Under Longworth’s direction, the Automation team is taking part in engineering the future of manufacturing for this 100-year-old company that specializes in industrial hose fittings. Not only are they adopting new technologies for machining parts, they are breathing new life into old machinery throughout the factory. Recently, they installed a solid-state relay into a 1940s furnace so the oven will hold the constant temperature needed for annealing. They rebuilt the electrical architecture of some cam-driven World War II-era equipment once used to make fuse caps for anti-aircraft shells, and they retrofitted old machines whose controls were failing.

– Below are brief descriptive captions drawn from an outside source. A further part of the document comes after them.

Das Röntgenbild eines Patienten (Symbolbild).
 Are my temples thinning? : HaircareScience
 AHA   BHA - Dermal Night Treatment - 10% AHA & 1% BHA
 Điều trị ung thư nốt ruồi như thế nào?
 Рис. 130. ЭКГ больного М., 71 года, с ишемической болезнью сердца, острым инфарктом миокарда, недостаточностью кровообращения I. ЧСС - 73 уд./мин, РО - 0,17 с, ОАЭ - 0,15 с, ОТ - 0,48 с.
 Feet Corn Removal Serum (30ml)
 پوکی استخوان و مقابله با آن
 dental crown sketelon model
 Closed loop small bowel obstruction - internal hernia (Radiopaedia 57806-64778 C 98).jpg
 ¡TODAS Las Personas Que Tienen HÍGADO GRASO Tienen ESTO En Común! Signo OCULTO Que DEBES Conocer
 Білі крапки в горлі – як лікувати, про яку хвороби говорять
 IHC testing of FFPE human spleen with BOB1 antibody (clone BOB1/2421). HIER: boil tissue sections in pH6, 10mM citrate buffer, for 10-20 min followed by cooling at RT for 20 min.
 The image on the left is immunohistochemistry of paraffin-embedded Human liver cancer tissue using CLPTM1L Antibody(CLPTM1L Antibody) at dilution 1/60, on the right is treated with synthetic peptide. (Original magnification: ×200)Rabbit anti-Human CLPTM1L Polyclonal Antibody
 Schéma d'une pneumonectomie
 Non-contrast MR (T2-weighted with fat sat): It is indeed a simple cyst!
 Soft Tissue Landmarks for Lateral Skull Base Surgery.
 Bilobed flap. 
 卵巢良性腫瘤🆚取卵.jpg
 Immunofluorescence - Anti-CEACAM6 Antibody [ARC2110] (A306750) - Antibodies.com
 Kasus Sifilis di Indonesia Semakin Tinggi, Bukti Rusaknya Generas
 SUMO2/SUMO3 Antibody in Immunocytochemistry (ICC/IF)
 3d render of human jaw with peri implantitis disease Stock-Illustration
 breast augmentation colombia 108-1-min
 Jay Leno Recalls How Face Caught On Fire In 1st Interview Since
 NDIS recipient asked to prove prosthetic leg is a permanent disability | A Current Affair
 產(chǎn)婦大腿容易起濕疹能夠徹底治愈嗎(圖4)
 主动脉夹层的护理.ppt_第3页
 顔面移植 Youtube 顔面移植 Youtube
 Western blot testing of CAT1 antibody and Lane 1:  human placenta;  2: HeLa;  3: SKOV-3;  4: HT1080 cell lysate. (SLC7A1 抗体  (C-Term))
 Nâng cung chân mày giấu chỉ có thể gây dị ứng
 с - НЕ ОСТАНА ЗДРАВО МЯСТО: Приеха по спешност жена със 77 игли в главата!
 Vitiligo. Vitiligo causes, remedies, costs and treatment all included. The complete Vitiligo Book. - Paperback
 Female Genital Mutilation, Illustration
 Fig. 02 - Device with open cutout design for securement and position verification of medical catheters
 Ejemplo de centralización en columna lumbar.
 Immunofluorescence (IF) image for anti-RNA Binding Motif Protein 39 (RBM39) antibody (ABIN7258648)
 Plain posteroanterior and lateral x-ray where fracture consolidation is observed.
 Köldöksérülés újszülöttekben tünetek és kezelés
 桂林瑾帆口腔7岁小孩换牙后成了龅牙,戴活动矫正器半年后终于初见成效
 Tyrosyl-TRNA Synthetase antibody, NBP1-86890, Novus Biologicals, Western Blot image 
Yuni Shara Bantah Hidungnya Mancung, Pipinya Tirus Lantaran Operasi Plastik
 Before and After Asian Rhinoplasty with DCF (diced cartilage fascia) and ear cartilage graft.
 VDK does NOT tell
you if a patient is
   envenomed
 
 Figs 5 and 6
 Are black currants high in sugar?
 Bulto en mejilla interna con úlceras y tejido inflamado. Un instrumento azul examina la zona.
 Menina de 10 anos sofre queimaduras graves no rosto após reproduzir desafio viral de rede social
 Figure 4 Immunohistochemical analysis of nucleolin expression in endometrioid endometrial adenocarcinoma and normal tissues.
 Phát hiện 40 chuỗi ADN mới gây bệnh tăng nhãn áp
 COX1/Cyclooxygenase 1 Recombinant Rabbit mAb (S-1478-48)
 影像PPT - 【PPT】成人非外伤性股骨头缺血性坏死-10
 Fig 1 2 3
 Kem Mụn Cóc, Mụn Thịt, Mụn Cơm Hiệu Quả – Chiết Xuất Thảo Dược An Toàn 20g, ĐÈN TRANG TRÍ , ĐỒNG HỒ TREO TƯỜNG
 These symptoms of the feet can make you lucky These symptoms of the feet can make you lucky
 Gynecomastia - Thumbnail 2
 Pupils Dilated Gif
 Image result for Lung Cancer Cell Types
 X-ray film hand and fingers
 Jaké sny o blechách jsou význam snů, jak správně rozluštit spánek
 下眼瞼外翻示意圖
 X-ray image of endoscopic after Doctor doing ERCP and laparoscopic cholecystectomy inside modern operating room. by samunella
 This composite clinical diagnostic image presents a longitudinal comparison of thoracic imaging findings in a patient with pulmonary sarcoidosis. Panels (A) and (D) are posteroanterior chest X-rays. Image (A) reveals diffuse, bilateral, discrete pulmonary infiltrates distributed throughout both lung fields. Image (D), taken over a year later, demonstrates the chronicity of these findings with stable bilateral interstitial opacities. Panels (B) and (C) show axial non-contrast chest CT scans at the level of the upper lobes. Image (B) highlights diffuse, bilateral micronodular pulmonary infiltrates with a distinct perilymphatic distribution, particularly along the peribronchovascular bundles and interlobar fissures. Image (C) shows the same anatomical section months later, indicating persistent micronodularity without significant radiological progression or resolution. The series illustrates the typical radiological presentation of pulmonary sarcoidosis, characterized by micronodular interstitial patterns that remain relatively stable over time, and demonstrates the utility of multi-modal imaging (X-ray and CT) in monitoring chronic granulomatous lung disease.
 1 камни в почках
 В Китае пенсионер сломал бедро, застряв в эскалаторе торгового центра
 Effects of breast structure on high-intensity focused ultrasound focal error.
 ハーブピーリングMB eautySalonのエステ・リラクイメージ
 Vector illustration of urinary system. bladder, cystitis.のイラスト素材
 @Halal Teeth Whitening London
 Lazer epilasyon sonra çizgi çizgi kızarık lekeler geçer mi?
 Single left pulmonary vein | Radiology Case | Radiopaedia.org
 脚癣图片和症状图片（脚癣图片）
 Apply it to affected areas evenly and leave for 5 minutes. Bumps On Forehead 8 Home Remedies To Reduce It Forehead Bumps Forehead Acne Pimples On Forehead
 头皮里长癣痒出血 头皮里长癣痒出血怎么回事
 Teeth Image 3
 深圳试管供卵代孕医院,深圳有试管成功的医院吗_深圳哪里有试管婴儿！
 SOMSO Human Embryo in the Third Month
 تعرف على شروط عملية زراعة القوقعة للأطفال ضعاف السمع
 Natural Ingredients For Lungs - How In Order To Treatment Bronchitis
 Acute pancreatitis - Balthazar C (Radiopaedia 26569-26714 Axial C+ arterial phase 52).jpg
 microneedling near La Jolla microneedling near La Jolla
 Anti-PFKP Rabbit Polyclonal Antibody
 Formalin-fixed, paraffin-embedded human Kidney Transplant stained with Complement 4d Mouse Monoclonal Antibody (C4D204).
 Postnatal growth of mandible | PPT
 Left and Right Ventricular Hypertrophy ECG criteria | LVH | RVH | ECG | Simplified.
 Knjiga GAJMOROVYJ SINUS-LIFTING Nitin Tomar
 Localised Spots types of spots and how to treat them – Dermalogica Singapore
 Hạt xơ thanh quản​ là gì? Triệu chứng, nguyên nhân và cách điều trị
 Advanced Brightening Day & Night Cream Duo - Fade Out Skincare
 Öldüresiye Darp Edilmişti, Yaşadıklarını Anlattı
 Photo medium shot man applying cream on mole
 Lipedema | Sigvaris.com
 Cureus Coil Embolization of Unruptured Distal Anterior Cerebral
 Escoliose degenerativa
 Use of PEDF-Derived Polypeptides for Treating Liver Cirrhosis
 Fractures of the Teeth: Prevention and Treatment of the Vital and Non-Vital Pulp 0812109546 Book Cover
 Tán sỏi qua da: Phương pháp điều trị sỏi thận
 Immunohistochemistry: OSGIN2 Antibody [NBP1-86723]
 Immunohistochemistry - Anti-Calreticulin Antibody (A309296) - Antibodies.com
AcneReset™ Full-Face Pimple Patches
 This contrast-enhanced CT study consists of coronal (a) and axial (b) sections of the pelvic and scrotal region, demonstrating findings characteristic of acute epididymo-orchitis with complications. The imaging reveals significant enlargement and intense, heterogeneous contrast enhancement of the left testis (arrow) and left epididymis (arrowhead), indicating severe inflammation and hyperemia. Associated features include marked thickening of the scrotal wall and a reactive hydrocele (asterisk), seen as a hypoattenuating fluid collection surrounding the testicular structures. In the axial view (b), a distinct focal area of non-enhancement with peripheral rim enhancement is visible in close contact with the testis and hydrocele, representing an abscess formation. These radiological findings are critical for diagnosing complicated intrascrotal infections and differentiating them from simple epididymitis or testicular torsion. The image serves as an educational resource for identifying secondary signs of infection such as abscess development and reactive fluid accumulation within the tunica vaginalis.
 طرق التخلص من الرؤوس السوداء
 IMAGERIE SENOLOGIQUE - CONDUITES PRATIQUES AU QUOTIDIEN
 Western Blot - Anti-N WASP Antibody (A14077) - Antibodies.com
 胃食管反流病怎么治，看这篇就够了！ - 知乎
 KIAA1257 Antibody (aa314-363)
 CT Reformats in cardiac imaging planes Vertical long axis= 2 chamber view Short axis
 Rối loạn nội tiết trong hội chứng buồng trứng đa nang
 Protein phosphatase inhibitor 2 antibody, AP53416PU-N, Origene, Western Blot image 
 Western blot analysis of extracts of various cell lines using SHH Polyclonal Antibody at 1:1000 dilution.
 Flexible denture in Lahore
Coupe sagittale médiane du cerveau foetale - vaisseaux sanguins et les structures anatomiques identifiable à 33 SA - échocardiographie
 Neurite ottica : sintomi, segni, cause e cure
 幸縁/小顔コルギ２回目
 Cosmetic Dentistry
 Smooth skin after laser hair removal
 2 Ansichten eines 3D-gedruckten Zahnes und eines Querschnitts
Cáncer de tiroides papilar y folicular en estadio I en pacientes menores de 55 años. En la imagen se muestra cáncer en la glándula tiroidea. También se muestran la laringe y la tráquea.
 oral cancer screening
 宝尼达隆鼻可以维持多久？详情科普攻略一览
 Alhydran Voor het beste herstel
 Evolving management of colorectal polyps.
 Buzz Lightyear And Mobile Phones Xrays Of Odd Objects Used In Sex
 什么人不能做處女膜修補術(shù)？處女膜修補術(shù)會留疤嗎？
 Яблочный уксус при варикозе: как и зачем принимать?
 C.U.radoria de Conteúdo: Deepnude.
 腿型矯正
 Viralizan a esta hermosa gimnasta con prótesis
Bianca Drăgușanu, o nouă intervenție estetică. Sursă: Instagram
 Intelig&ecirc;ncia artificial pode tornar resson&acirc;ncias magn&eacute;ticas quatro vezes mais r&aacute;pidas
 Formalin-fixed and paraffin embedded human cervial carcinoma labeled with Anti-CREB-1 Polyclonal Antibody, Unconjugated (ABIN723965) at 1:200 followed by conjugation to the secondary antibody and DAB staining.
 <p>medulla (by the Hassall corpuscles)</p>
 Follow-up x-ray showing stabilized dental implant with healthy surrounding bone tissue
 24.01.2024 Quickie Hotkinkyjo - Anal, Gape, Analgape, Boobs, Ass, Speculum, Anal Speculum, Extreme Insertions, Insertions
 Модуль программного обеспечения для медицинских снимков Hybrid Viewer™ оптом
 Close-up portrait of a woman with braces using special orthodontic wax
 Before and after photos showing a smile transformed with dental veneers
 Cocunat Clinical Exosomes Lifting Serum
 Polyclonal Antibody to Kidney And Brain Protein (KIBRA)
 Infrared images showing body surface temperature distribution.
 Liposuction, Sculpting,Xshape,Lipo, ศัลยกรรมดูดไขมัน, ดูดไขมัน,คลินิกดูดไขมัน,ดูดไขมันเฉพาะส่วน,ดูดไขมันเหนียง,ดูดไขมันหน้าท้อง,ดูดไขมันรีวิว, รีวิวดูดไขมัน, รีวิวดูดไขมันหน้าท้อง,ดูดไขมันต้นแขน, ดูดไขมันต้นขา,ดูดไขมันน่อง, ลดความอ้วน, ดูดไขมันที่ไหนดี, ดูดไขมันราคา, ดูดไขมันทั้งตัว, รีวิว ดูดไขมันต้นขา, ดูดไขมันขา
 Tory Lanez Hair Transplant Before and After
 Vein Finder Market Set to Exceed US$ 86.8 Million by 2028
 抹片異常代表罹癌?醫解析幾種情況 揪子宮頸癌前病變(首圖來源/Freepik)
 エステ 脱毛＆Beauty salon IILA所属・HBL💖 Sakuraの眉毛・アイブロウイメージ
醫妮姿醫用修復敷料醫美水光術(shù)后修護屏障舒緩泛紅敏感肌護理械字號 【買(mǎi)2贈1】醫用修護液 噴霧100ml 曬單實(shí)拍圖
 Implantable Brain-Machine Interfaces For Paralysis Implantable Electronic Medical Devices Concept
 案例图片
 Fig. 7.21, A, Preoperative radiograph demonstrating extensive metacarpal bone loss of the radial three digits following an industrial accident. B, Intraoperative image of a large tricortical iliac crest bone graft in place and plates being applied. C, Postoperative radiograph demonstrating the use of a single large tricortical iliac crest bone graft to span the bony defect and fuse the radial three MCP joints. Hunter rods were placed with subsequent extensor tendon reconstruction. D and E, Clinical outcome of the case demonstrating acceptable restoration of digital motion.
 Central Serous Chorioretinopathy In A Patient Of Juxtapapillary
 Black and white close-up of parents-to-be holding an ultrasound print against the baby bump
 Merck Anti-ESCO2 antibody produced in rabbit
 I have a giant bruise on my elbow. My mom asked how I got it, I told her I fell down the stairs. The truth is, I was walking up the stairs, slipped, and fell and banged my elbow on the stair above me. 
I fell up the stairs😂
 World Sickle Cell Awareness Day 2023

But the bells and whistles of robotics engineering signal a new era in manufacturing. This is where Longworth and his team shine; not only are they are developing the software that manages the interfaces between automated machinery, they also manage the software that monitors operational efficiency. “Our machines are talking to one another, and to the servers upstairs, so we can better track our production efficiency,” Longworth says. “This gives us the ability to ask questions we wouldn’t normally even know to ask about what’s happening on the floor.”
To help him learn to ask even more questions, Longworth is pursuing an online master’s degree program in robotics engineering through Worcester Polytechnic Institute. “How does the back end of a robot work? What’s their process? And how can I use this information at Dixon Valve? The main reason I chose to pursue a master’s degree is to do my job better and to better understand what’s going on in the industry, so I can make better decisions.”
Longworth also likes the idea of creating something useful that powers American industry. “There’s nothing quite like that feeling of building something from nothing, and knowing that everything you do, everything you make, has a physical consequence. When a machine actually works for the first time, I feel like Rocky on the steps of the Philadelphia Museum of Art. But if it doesn’t work properly, if the robotic arm hits something, bad things can happen. You can destroy a machine, or someone could get hurt. It’s not quite the same when a server goes down.”